Pastors and staff are all too aware of the dangers of misused touch. Our society has so sexually charged touch that we have created moats around our relationships to protect both the minister and those ministered to. But what if those moats are so wide that they actually enforce distance between us?

Jesus didn’t hesitate to touch, as Wilbert clearly documents. She affirms:

“We have a unique chance to embody a godly, caring approach to this issue that neither withholds touch, nor forcefully takes it. And the key word there is caring. We need to teach how to touch with true care.”

Leaders who understand the value of relationship in ministry will appreciate the combination of Scriptural challenge and powerful experience in Wilbert’s exploration of the need for appropriate, caring touch within our communities.

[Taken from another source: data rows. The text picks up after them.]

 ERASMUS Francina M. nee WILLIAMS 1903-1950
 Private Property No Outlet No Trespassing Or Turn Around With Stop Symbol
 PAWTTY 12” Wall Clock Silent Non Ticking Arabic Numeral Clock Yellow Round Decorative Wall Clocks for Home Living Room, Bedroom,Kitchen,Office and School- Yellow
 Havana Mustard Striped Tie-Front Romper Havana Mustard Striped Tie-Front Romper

Particularly, those who understand the importance of relationship-based ministry will benefit from the well of experience Wilbert draws on as she focuses on the human need for physical contact and details the results of that need going unanswered. While she explores the particular plight of the single believer, singles are not the only ones in our faith communities in desperate need of affirming touch.

Whatever one’s life situation, forming deeply connected lives with others naturally includes such touch. In fact, this would be a particularly timely book to recommend and read through with those preparing for marriage, as Wilbert transparently discusses differing needs for touch within her own marriage.

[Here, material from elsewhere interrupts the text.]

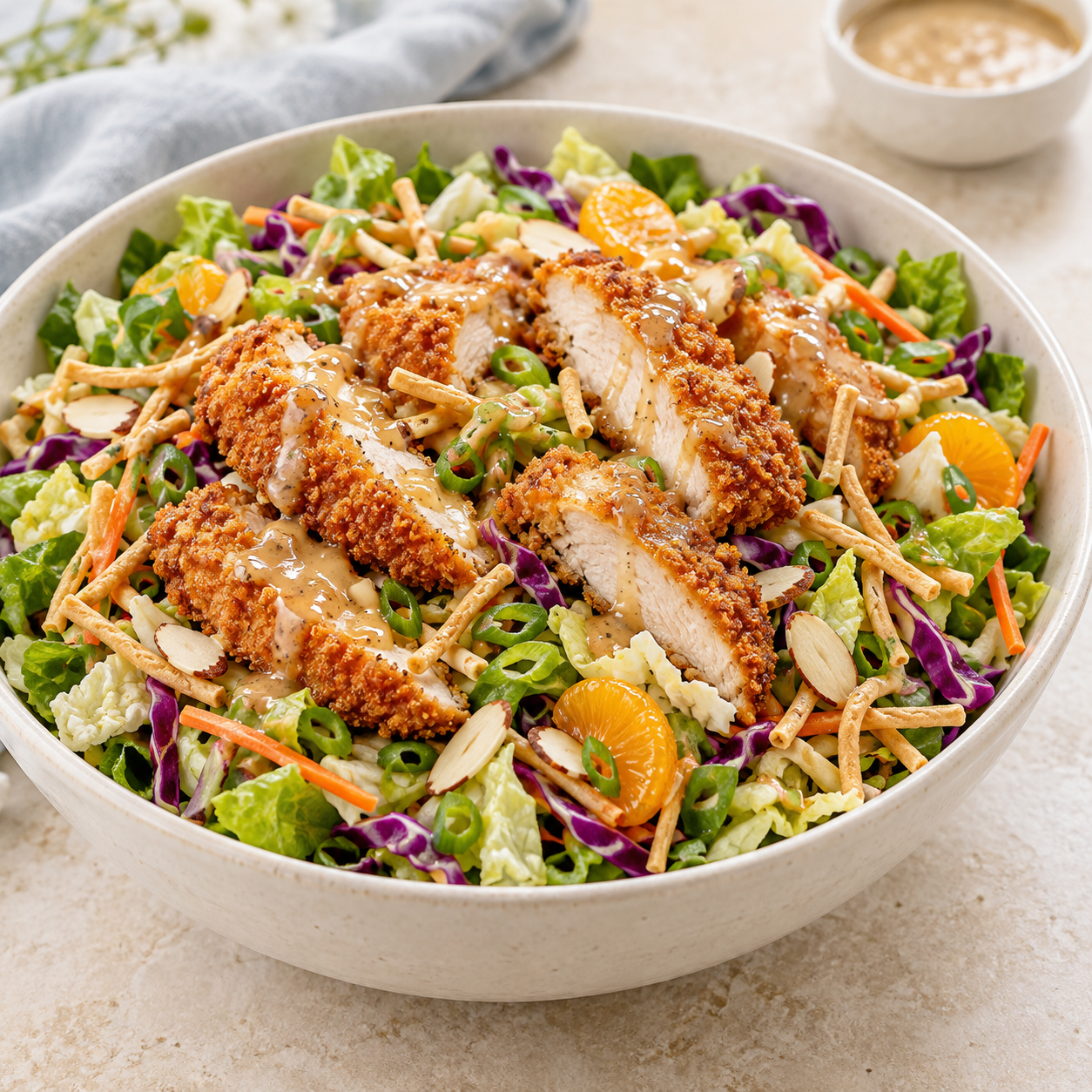 Copycat Applebee’s Oriental Chicken Salad topped with sliced crispy chicken, crunchy noodles, almonds, cabbage, carrots, and mandarin oranges.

As I read, I wrestled. There is an uneasy abiding between the assertation that touch is imperative if we are to minister to the whole person and the juxtaposition of the near-constant revelations in the news regarding abuse within ministries. I have struggled under the instructions “Don’t touch,” reconciling that with both children and adults who are in obvious need of comforting hugs, handholding and encouraging physical contact.

To embrace each other will require reversing decades of pulling away and a commitment to learning what healthy, faithful touch means. Yet, Handle with Care details Jesus’s touch woven throughout His ministry. Dare we not follow?

Handle with Care is not a how-to guide, but rather the opening statement in a conversation with which the church must not only engage, but lead. It’s time.